Check every line of the following material for the word "Storage", then say how many have it, with no other words.
===== SOURCE DATA =====
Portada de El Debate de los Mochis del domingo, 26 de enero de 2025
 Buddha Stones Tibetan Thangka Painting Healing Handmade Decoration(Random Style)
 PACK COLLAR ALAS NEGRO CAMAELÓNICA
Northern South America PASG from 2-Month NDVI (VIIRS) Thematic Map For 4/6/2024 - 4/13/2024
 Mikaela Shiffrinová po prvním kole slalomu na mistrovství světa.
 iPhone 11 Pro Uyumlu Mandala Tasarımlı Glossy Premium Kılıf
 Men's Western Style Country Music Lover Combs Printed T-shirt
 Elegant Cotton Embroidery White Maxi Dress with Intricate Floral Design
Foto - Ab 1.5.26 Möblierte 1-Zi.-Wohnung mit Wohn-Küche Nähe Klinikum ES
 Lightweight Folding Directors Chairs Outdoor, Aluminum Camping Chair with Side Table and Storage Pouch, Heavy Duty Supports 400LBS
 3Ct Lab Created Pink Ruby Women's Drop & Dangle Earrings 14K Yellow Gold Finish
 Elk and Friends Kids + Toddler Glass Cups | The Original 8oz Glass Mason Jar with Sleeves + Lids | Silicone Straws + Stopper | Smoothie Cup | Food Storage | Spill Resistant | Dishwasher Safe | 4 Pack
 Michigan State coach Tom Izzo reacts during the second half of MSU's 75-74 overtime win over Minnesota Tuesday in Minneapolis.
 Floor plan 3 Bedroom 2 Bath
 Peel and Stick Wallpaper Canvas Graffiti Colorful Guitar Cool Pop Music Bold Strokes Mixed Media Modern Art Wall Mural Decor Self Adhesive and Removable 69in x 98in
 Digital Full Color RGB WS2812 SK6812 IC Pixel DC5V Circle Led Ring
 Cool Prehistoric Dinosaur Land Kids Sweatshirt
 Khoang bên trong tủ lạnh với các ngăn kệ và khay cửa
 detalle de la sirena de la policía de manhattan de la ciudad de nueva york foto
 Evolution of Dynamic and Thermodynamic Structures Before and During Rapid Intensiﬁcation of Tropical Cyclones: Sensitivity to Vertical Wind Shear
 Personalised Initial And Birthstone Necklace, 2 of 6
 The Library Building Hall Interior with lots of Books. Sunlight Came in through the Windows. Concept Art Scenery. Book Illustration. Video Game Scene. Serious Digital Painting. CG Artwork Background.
=====
— RESPONSE FOR THIS EXERCISE —
2